L’altro elemento che Siniscalchi mette bene in evidenza è che in Francia l’interesse critico per il cinema come fenomeno artistico nasce a destra: la prima Histoire du cinéma è quella firmata da Robert Brasillach e Maurice Bardèche nel 1934… Quarant’anni dopo Henri Langlois, il mitico fondatore e direttore della Cinémathèque, confesserà a Lotte Eisner, sua collaboratrice e storica del cinema, che nel Novecento c’erano stati soltanto due grandi critici francesi: uno era Truffaut, l’altro Lucien Rebatet, il più collaborazionista degli scrittori fascisti, condannato a morte e poi graziato…

Naturalmente, il titolo del libro di Siniscalchi è provocatorio, ma varrà la pena di sottolineare che, soprattutto in Francia, e soprattutto applicato al campo intellettuale, quell’aggettivo ha più a che fare con un’estetica e un’etica che con un’ideologia e una pratica politica. Una delle migliori definizioni in materia l’ha data in L’Espoir, che è un romanzo del 1937, André Malraux, antifascista, combattente repubblicano in Spagna, comunista e poi gollista: «Un homme actif et pessimiste à la fois, c’est ou ce sera un fasciste, sauf si il n’y a une fidélitè derrière lui». Il pessimismo attivo è la molla comportamentale dell’azione, la mancanza di fiducia, nel senso di fedeltà, la fidélité malruciana in una classe sociale in particolare, nell’essere umano in generale, è la cifra di un individualismo solitario che può contemplare solitudini come la sua, ma non astrazioni avulse dalla realtà.
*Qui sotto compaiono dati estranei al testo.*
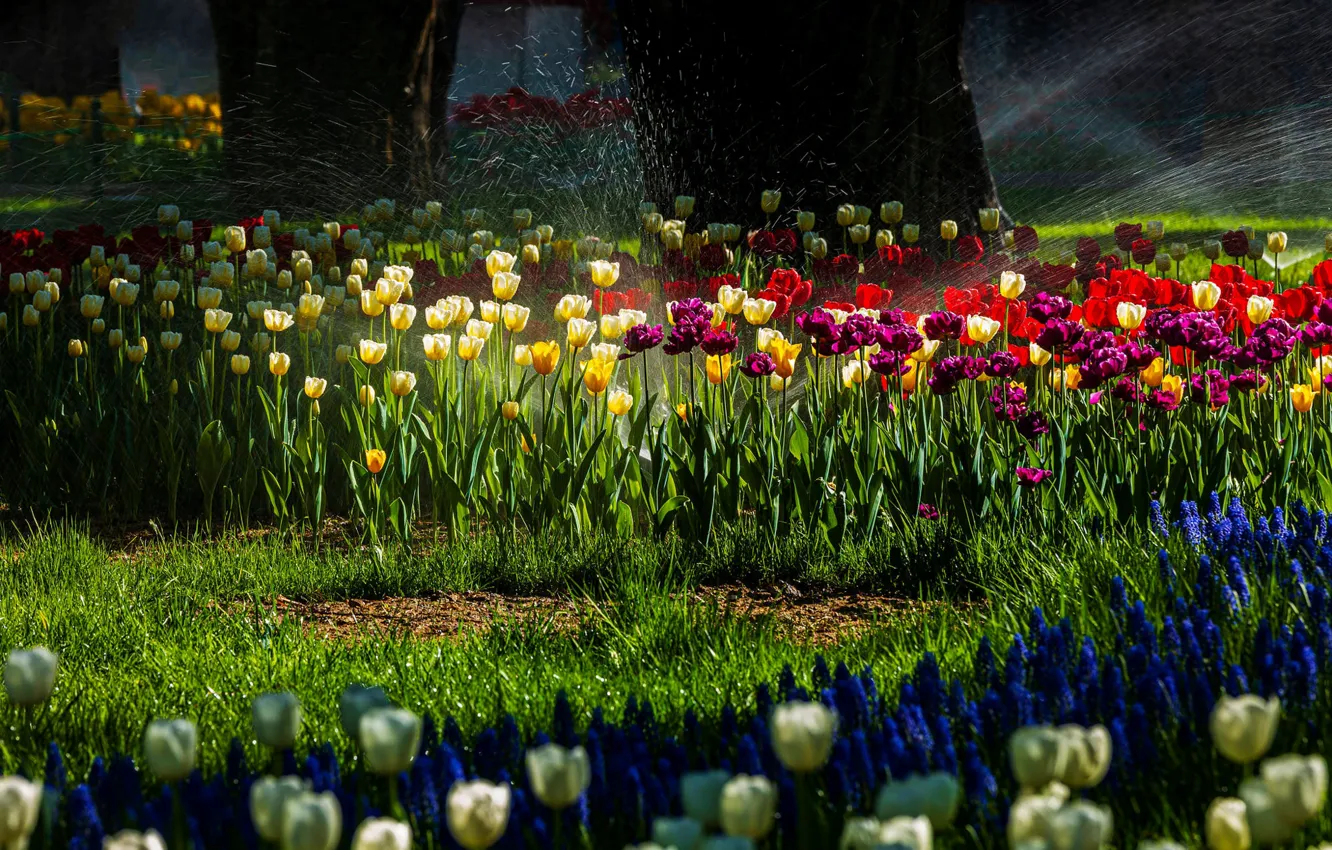 Photo wallpaper water, light, trees, flowers, squirt, Park, spring, garden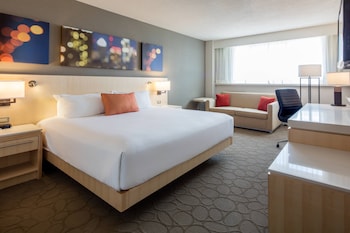Room, 1 King Bed with Sofa bed
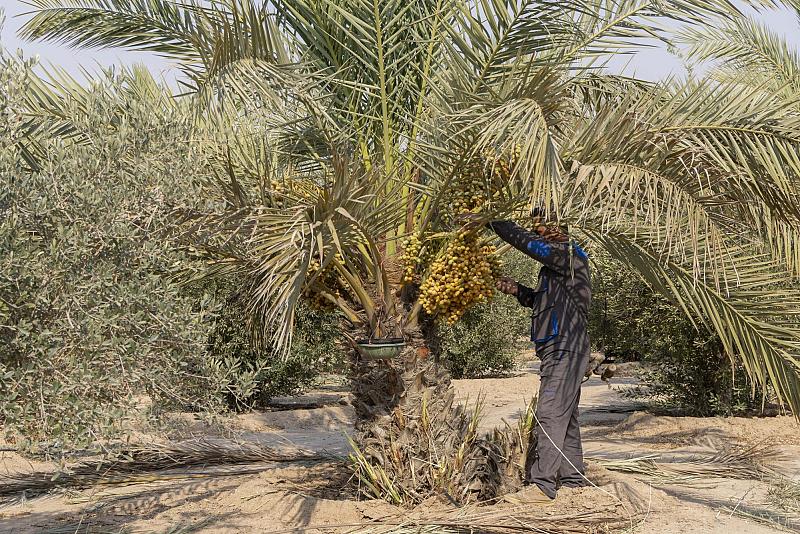 الحزام الأخضر الجنوبي الثاني يباشر جني التمور من بساتينه بأصناف مختلفة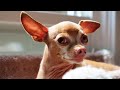 Chihuahua dog doesn't want to listen to his vet mom when she wants to inspect his ears and mouth.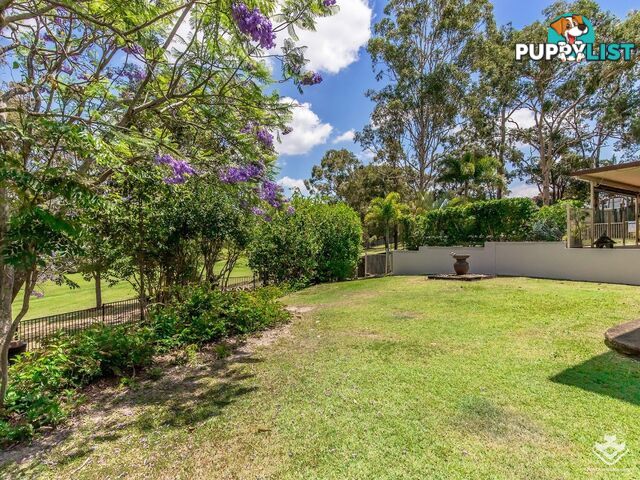 5 Tiaro Court Helensvale QLD 4212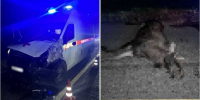 Автомобиль скорой помощи получил повреждения. Лось погиб. - Новгородские Ведомости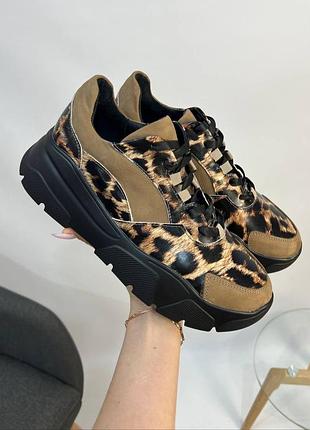 Кроссовки leo 7️⃣0️⃣7️⃣ кожа натуральная замш 36-40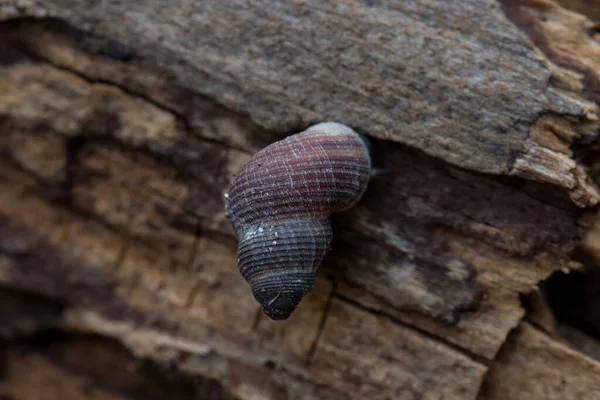 Close Pequeno Caracol Terrestre Uma Superfície Madeira Áspera Com Fundo — Fotografia de Stock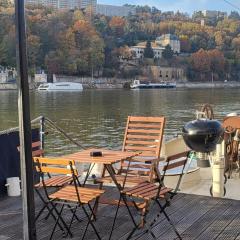 Appartement dans Péniche atypique et idyllique à Confluence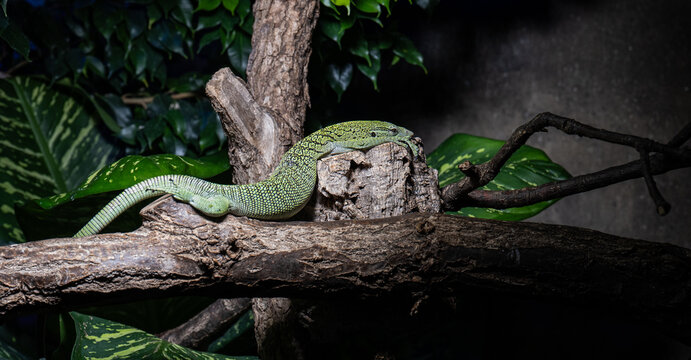Photo of a big lizard relaxing on the branch in zoo Zlin.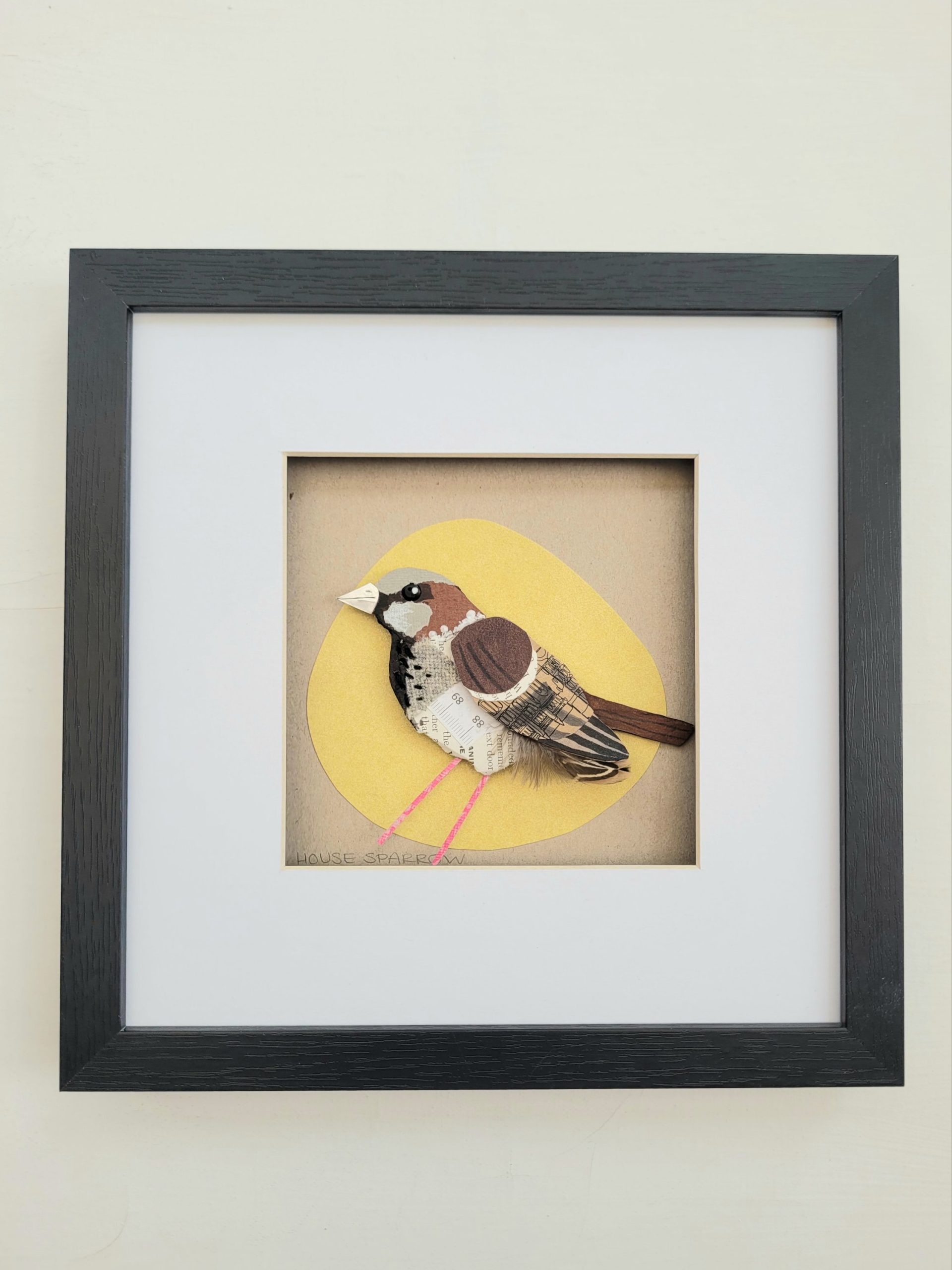 House Sparrow on Yellow | Original Art | 25cm x 25cm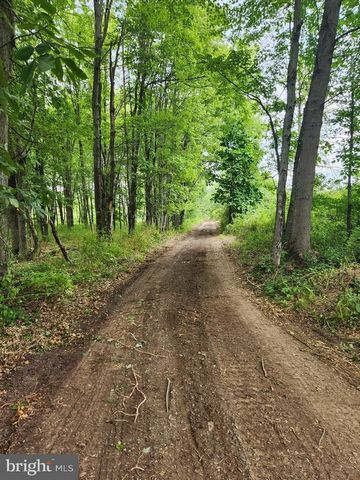 Are you in search of your own slice of paradise to create your dream residence? Today might just be your lucky day! Discover this expansive 11+ acre flag lot tucked away in the tranquil Central Bucks region. Despite its serene seclusion, it's surpris...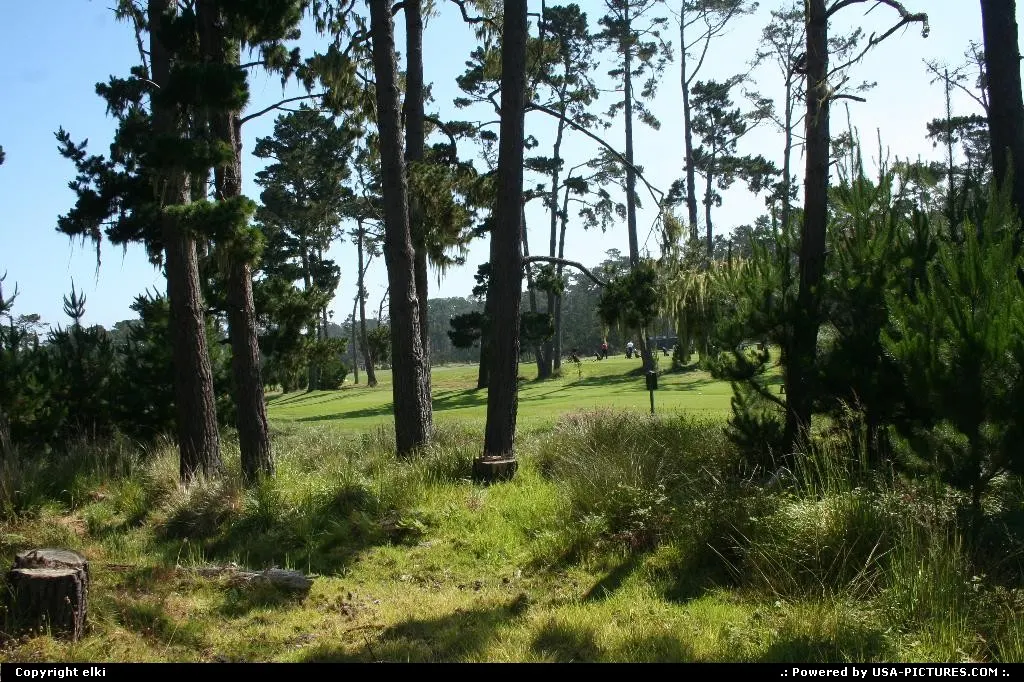 Pebble beach golf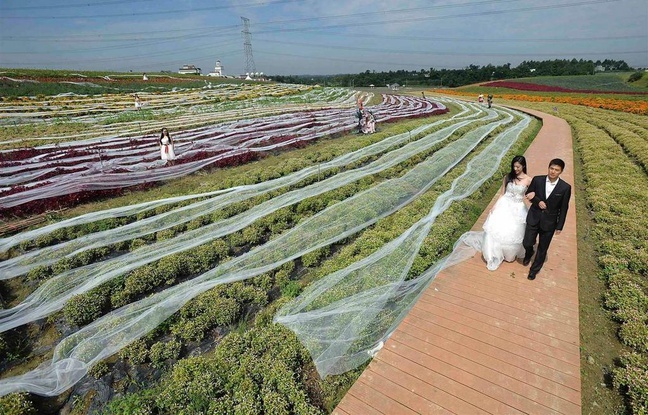 Une chinoise se marie dans une robe avec une traîne de 4km. - meme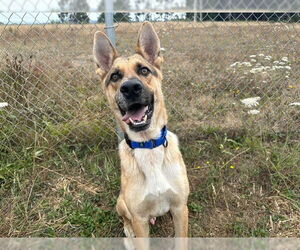 German Shepherd Dog Dogs for adoption in McKinleyville, CA, USA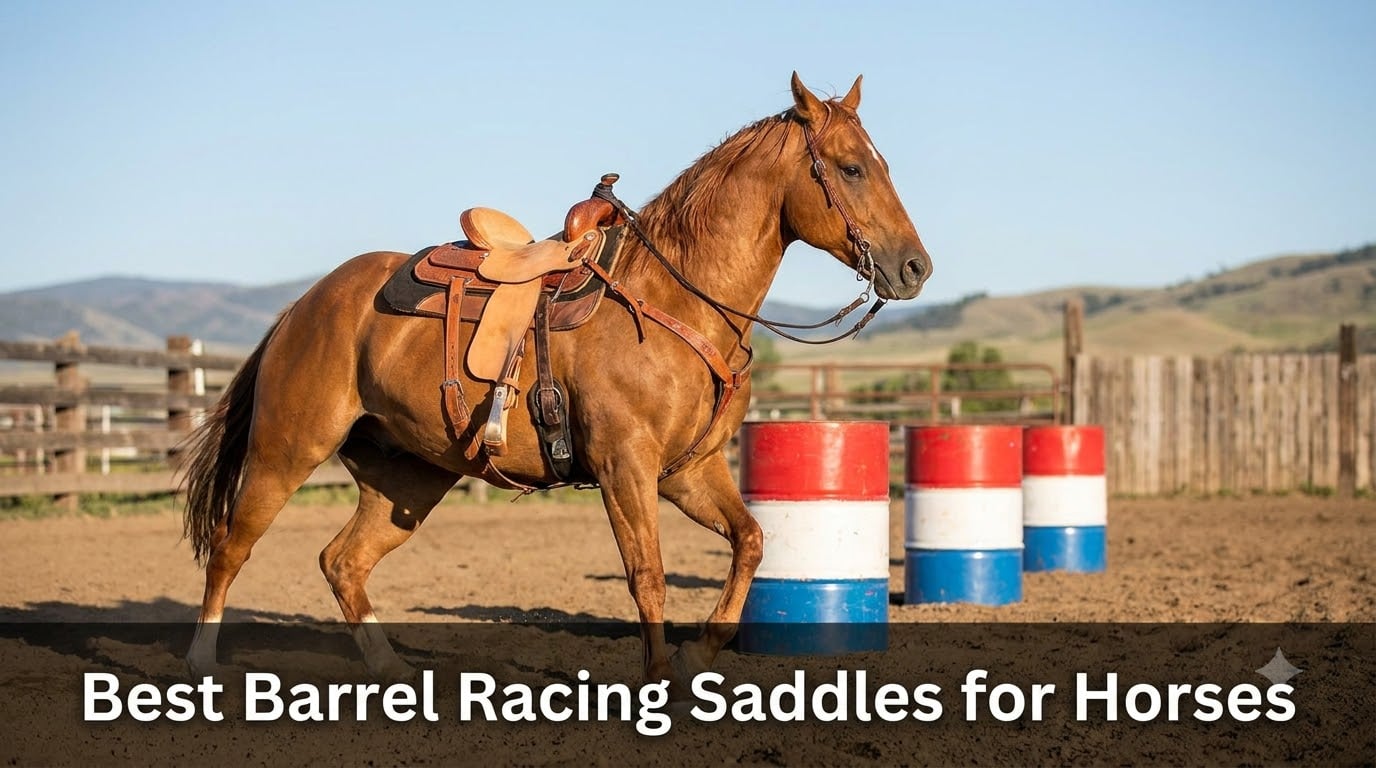 Best Barrel Racing Saddles for Horses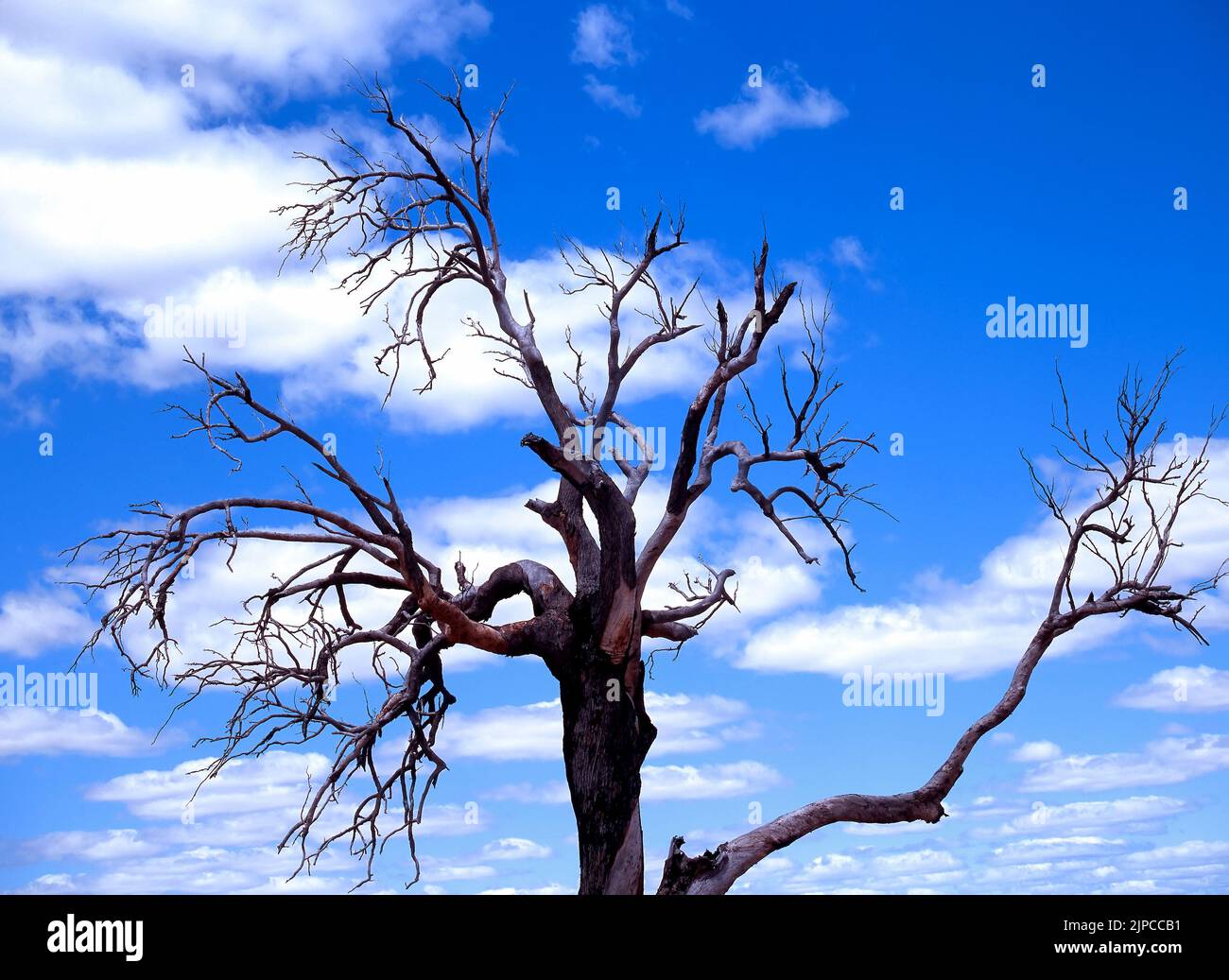Dead gum tree branches, Southwest Australia Stock Photo Alamy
Parvulesco, dunque. Morto nel 2010, in Italia totalmente sconosciuto, ma in Francia circondato di interesse, una ventina di libri pubblicati, fra saggi, romanzi, trattati di geopolitica, attore in alcuni film di Rohmer, nel 1960 è ancora soltanto un giornalista che sulla rivista spagnola di cinema Primer Plano pubblica un’inchiesta in sette puntate sulla Nouvelle vague, di cui conosce benissimo gli autori, come fenomeno di ribellione e di protesta, marcato da forti assonanze con il fascismo, della nuova gioventù europea, anticipando di un quarantennio, scrive Siniscalchi, «le analisi di Antoine de Baecque, lo studioso più informato e oggettivo nel ricostruire la contiguità con la destra della parte più originale della moderna critica cinematografica francese». Dove Parvulesco si sbaglia è nel non tenere presente che, come scriverà Truffaut, «durante le nostre vite diveniamo persone differenti e successive» e che il consumismo degli anni Sessanta brucia il ribellismo iconoclasta dei Cinquanta. Lo psicodramma collettivo del Maggio francese chiude il cerchio: Truffaut diverrà sempre più un ingranaggio di quel sistema che avrebbe voluto far saltare, «il più coglione degli svizzeri pro-cinesi» sarà l’epitaffio di Godard scritto dagli studenti sui muri della Sorbona.